▶ **Task**
Starting at the line that contains "Exterior view in" and stopping at the line that contains "Other Bohemian Neutral", restate each line of the records below exactly. Omit the pictures.

▶ **Data listing**
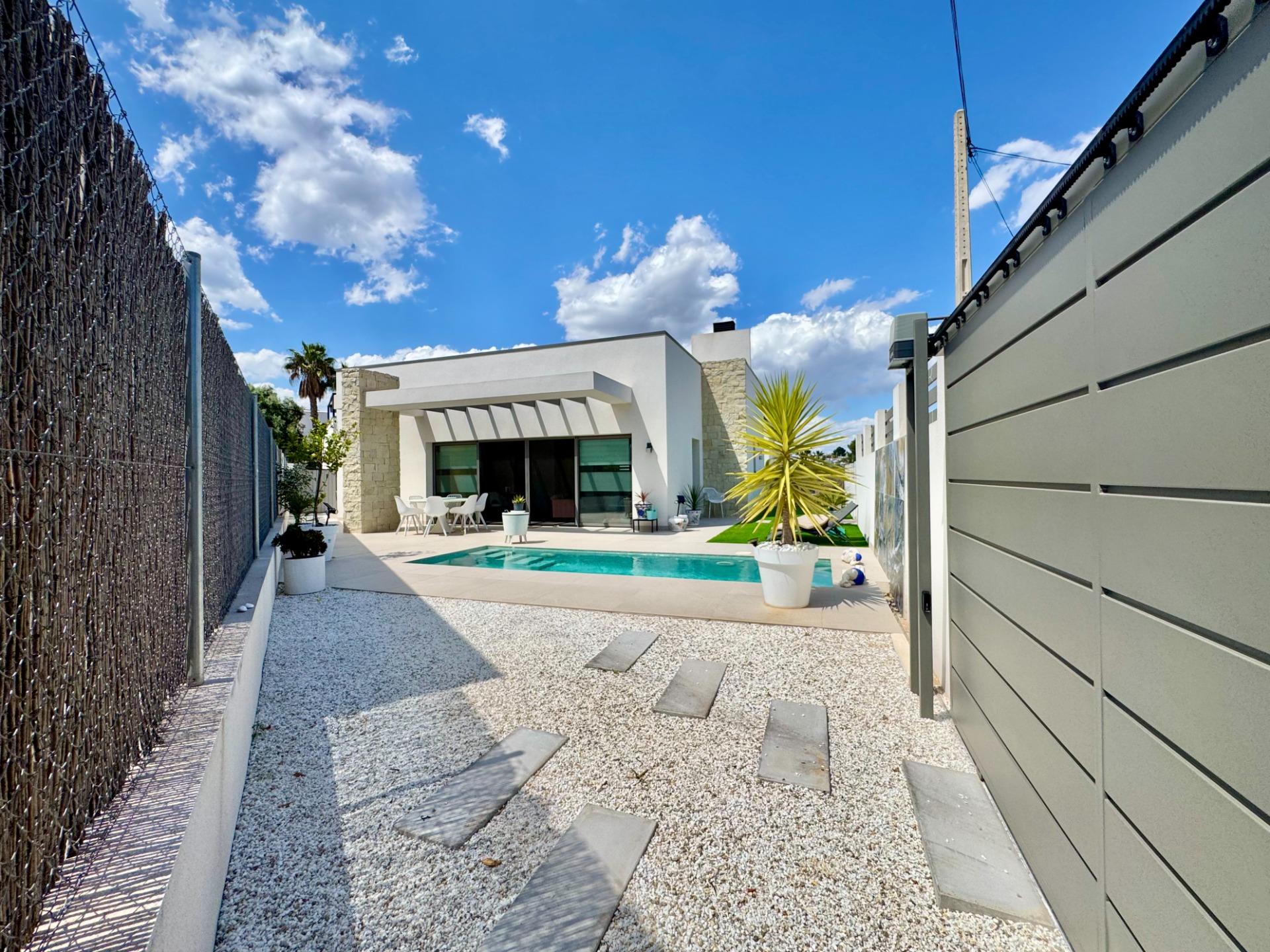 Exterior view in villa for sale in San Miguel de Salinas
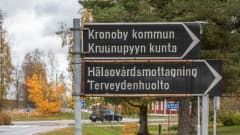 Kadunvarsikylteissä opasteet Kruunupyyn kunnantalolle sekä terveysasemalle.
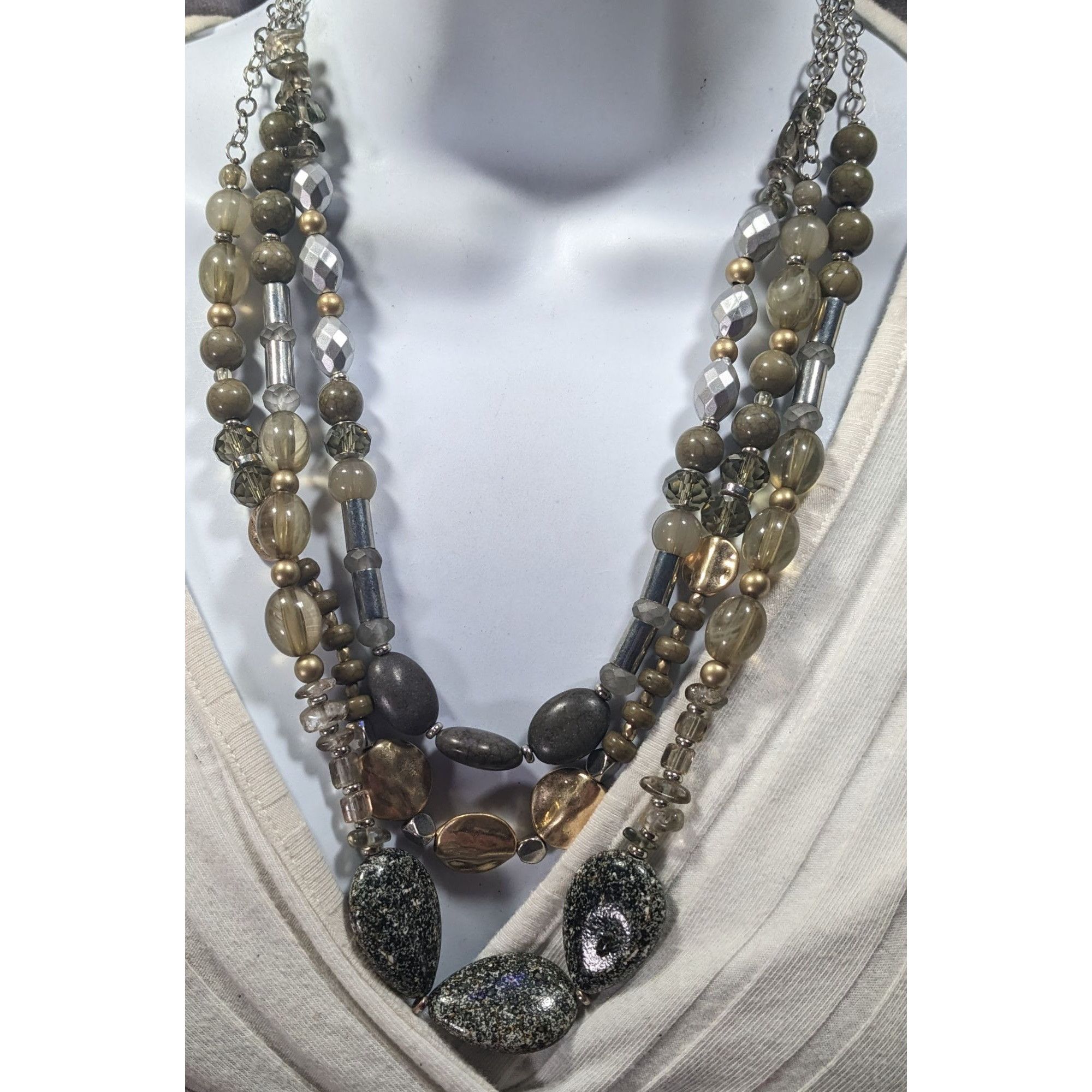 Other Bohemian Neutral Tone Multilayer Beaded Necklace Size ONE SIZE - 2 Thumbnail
==
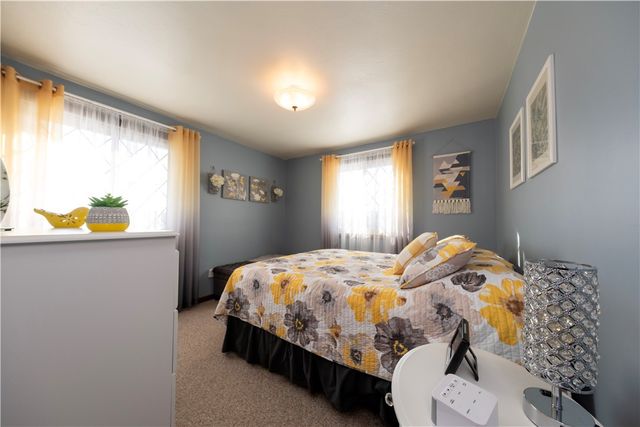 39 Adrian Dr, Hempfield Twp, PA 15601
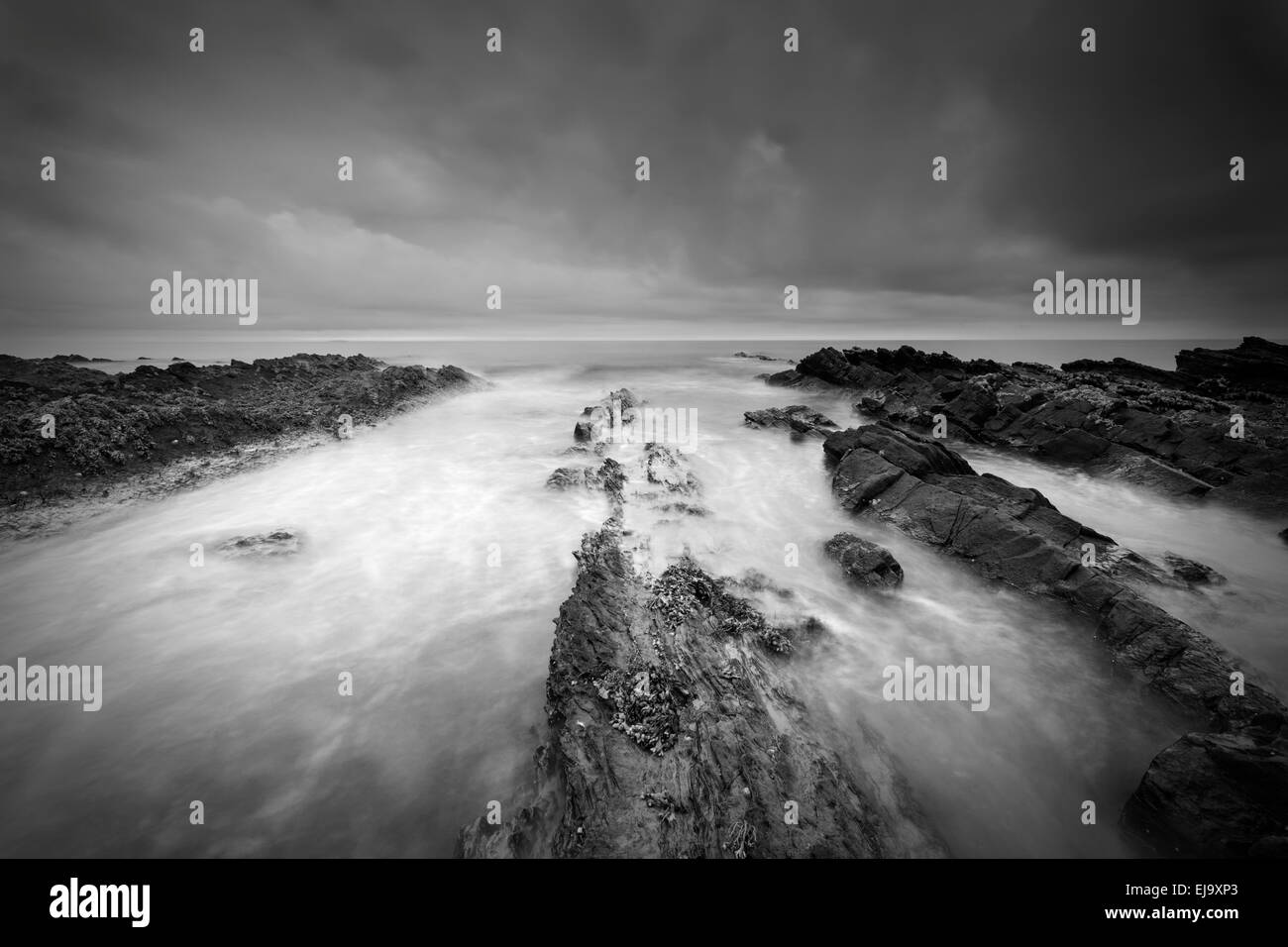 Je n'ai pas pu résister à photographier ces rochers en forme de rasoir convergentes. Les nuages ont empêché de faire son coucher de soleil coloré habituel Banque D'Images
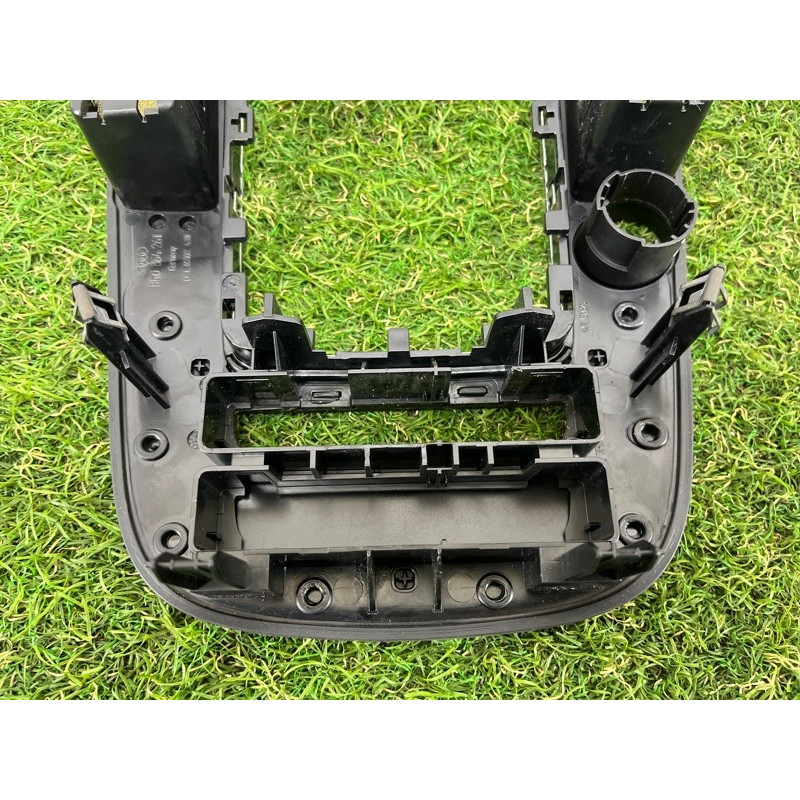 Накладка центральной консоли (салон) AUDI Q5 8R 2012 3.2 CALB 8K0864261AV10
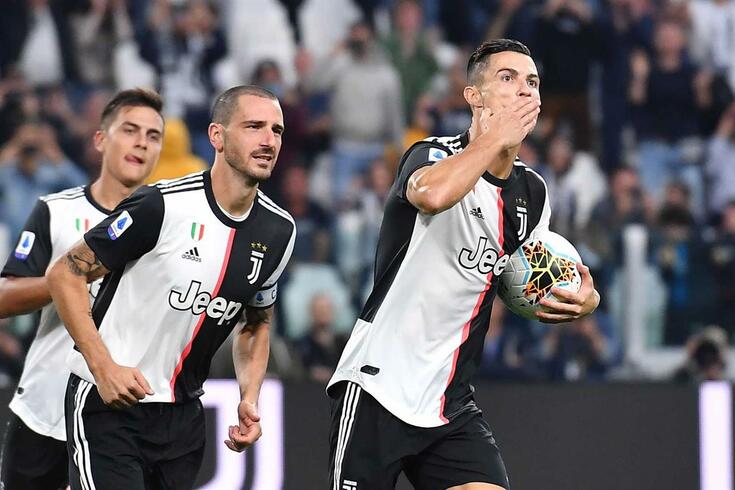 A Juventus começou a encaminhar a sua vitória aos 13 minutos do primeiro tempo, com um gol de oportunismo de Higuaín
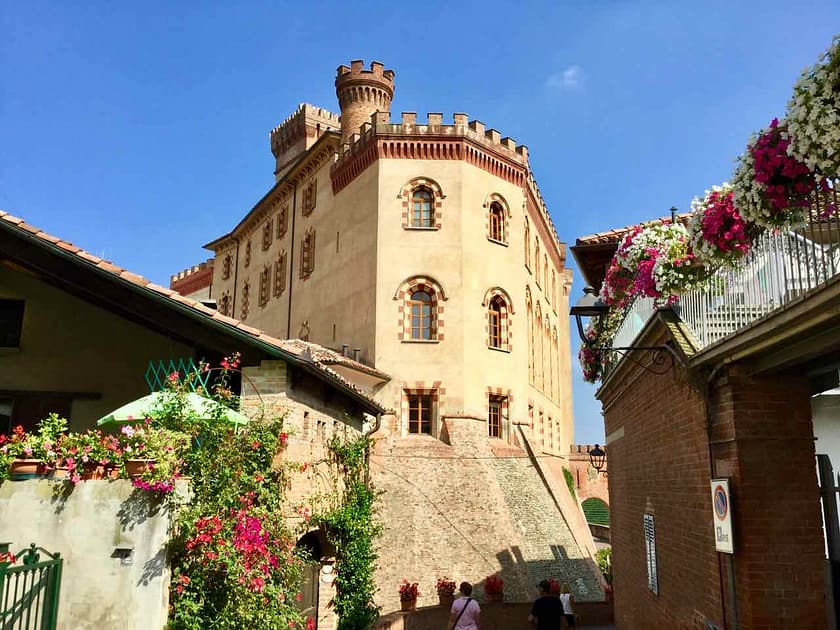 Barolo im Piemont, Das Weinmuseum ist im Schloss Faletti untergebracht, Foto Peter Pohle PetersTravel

▶ **Solution to the problem**
 Exterior view in villa for sale in San Miguel de Salinas
 Kadunvarsikylteissä opasteet Kruunupyyn kunnantalolle sekä terveysasemalle.
 Other Bohemian Neutral Tone Multilayer Beaded Necklace Size ONE SIZE - 2 Thumbnail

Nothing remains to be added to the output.